Your task: Below are some records. Return exactly their lines from the one containing "夏日必备～清甜绿豆汤的做法图解1" through the one containing "26 - 9ct gold", and drop the pictures.

Data extract:
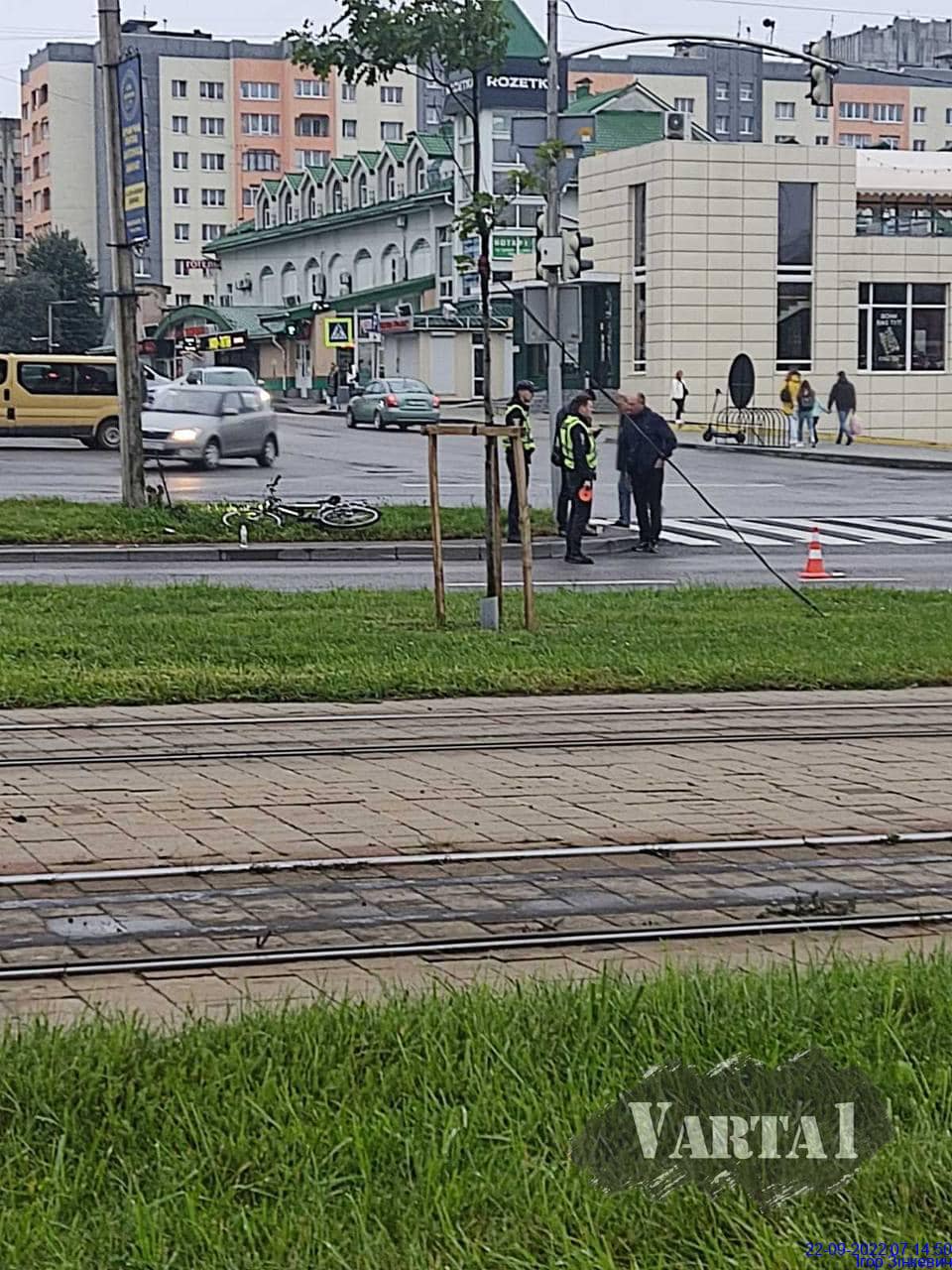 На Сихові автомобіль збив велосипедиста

* * *

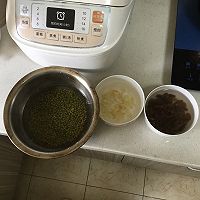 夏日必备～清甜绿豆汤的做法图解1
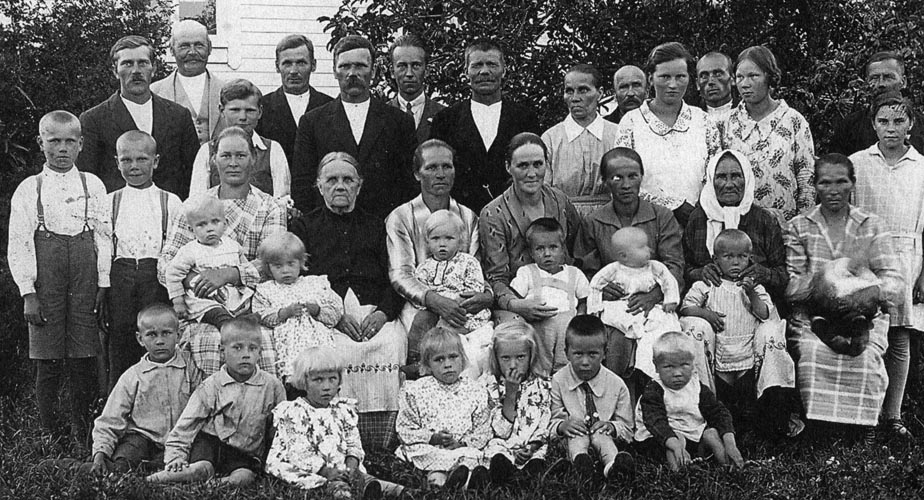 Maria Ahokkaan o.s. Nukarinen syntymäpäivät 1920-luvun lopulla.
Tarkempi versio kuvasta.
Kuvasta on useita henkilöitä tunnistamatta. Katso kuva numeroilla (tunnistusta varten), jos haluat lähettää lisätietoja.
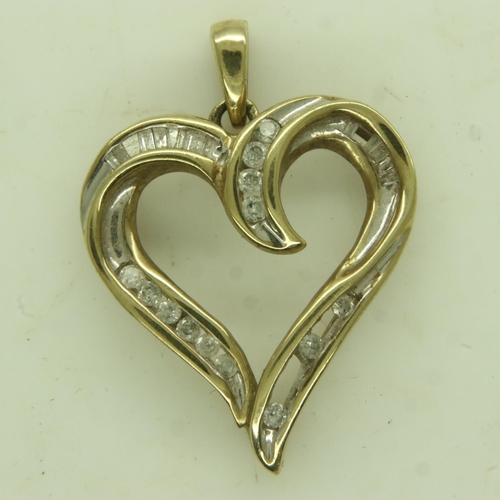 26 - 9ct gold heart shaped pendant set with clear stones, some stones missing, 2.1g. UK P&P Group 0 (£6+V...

Task answer:
 夏日必备～清甜绿豆汤的做法图解1
 Maria Ahokkaan o.s. Nukarinen syntymäpäivät 1920-luvun lopulla.
Tarkempi versio kuvasta.
Kuvasta on useita henkilöitä tunnistamatta. Katso kuva numeroilla (tunnistusta varten), jos haluat lähettää lisätietoja.
 26 - 9ct gold heart shaped pendant set with clear stones, some stones missing, 2.1g. UK P&P Group 0 (£6+V...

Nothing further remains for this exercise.